Pearl's first proper Easter has been a success. Somewhat. She isn't a chocaholic (unlike her mother), so while she was very pleased to have people giving her gifts all day, she seemed disappointed that they were all just chocolate underneath the boxes and foil. Like I tweeted (with some incredibly poor grammar - one must not tweet while distracted) earlier, she ate more peas than chocolate yesterday. She opened up all the eggs and put them in a little bucket, and just carried it around. She liked playing with the toy bunnies her grandparents bought her. She loved the egg cup and the plate and spoon, and the set of books.

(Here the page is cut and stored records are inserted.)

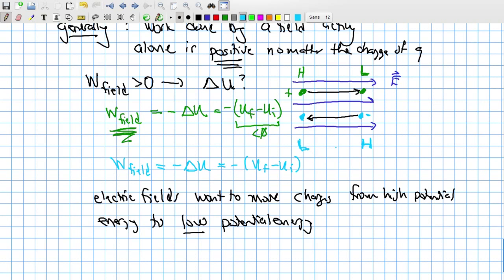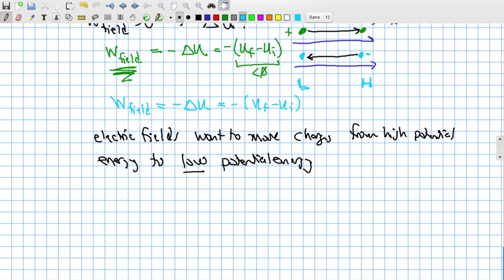So if gravity worked the way the electric field does, and if there were two kinds of mass — positive mass and negative mass — we would find that positive masses fall in a gravitational field, and negative masses would rise, because rising takes them from higher potential energy to lower potential energy. We've never observed this, so as far as we know there is no such thing as negative mass.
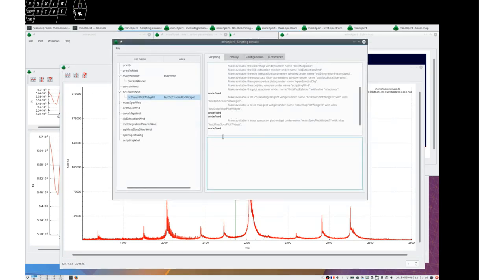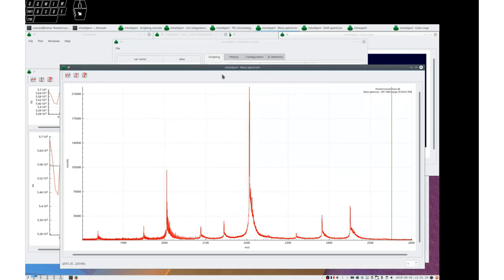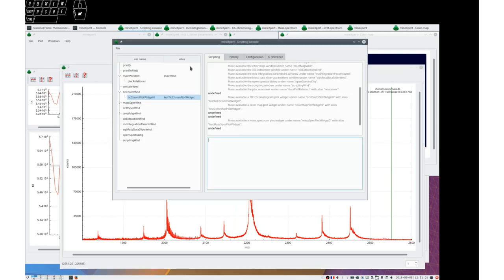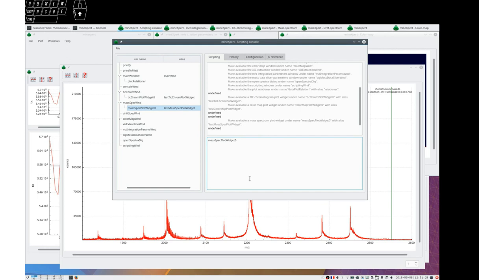And in the mass spec window, which is this mass spectrum window here, I have now a child. I could say Javascript integrate to dt. That is to drift time.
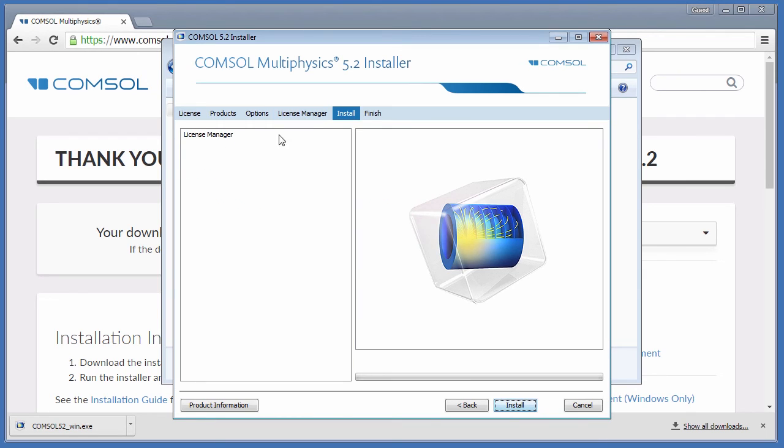The Install page shows all the applications ready to install. In this case, only the License Manager. Click Install.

She loved the Easter ring that her Daddy gave her:

Pearl pointing to her 'classy' easter ring! on Twitpic

She enjoyed baking the chocolate fudge cake for dessert on Sunday, and making the chocolate nests. Making biscuits in the shape of bunnies was the highlight of her week. But, yeah, the chocolate thing confused her I think! People were very generous, so I think she'll be living off Easter's supply of chocolate for a good while yet.

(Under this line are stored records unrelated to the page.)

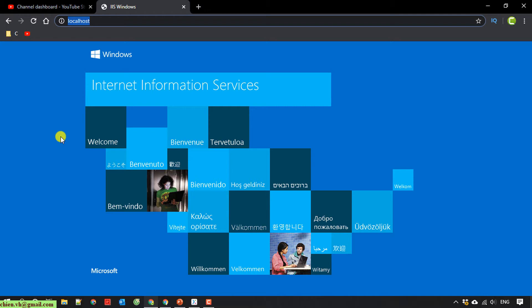Otherwise, if you didn't see this page, that means you still have not installed the Internet Information Services on your PC. I have another video to guide you how to install this service on the PC, so I will paste the link in the description of this video.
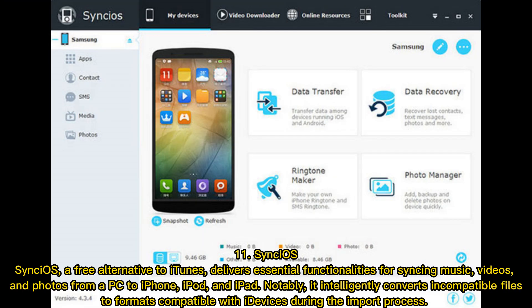11. Syncios, a free alternative to iTunes, delivers essential functionalities for syncing music, videos, and photos from a PC to iPhone, iPod, and iPad. Notably, it intelligently converts incompatible files to formats compatible with iDevices during the import process.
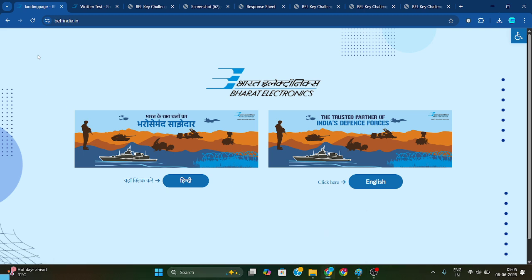Hello everyone, welcome to MUNMAKER. I am Ranjan Kumar Kalindi, and today we are going to talk about how you are going to check that BL Provisionary Exam answer key response sheet, as the response sheet came already and I have updated about the expected cut-off also.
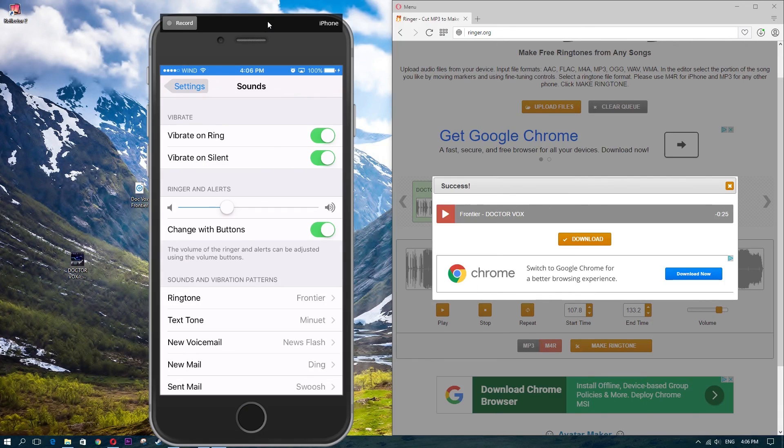So that is how you transfer ringtones from your computer onto your iPhone. If you guys found this video helpful, give me a thumbs up, it helps me out a lot. And I will catch you guys in the next one.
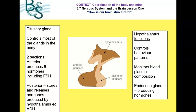The hypothalamus has three main functions. It controls behaviour patterns such as sleeping, feeding, and aggression. It also has a large blood supply passing through it and constantly monitors blood plasma composition — looking at concentrations of glucose and water within the blood. Additionally, it is itself an endocrine gland that produces hormones.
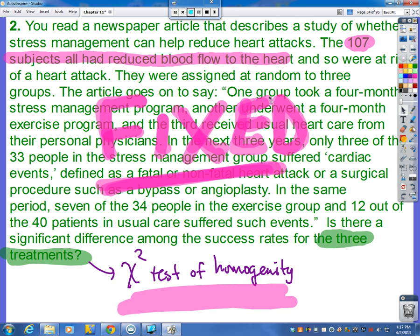Technically all three groups are from the same population — people with reduced blood flow to the heart — but they're treating each group as if from its own separate population. So this one's a little tricky, but in the end there are more clues pointing to homogeneity than association independence.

My friend Alex blogged about her feelings about Easter and its mixed meaning and messages. That really got me thinking. I grew up in a Catholic family where Easter was the whole shebang, starting on Ash Wednesday and going through lent until He rose again. It wasn't that my family were overly religious, but we went to Catholic schools where it was hammered into us. We'd have new dresses to go to Mass on Easter Sunday, but when we got home my mum had always got us Easter baskets with some kind of gift and chocolate combo. I know what Easter is meant to be about, but I know what it has come to be about for most modern families. One of my friends (in fact, quite a few) posted on Facebook complaining about how children these days were taught that the Easter bunny came like Santa to leave chocolate. And how nobody understood the 'real' meaning behind it.

Like most people I have a lot of opinions about a lot of things; but it's only been very recently that I've begun questioning the things I was brought up to 'believe'. My feelings about religion change almost weekly, depending on what I've read, my frame of mind, or who I've been talking with. I know that I made the conscious decision to stop going to Church, and not to get Pearl christened. I know that I am probably closer to Atheist than the Catholic that I was brought up. But still the Easter debate of Jesus vs. Bunny did cause my brain to go into overdrive for a moment or two. I quickly told my brain to shut the hell up, and just did what I knew Pearl would enjoy.

We bumped into the Easter bunny in M&S the week before the big day, and he gave Pearl a chocolate egg, so when we gave her the eggs on Easter Sunday she made the connection herself that the "bunn abbat" had sent her the chocolate. She is too young to understand anything about Church, we have never taken her to Church. I will explain it all to her when she is old enough, but for now it was enough that she enjoyed the time with all her family gathered together. Running around with her cousin, eating peas off everybody's plates during Sunday lunch. And of course, unwrapping all that bloody chocolate.

Hope everybody else had a lovely extended weekend.

(Re-reading this, I find it noteworthy that while I can try and enlighten myself about all sorts of things, it's hard to change your habits about capitalising words when writing about religion!).

1 comment:

  1. I actually had a nice weekend, my rant was so random haha!!